YOUR TASK. Search the listing below for the line containing "Picking Flowers, Mission". From there through the line containing "Mary's For You", transcribe every line exactly, both ends included.

THE DATA.
- - -

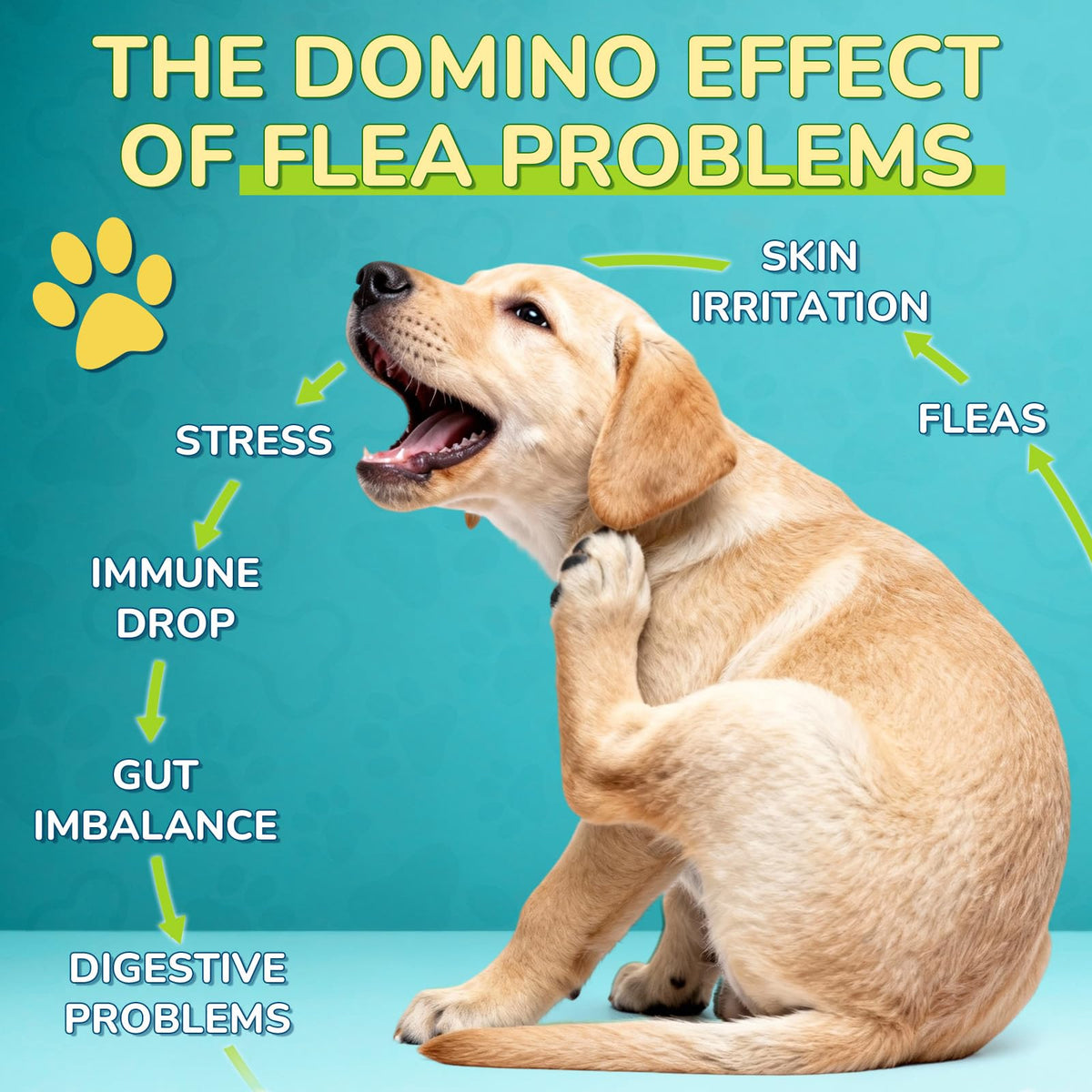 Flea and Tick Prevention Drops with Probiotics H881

- - -

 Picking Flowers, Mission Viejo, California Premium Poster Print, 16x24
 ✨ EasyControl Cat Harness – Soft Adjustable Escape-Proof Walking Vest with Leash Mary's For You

- - -

SOLUTION FOR THIS PROBLEM.
 Picking Flowers, Mission Viejo, California Premium Poster Print, 16x24
 ✨ EasyControl Cat Harness – Soft Adjustable Escape-Proof Walking Vest with Leash Mary's For You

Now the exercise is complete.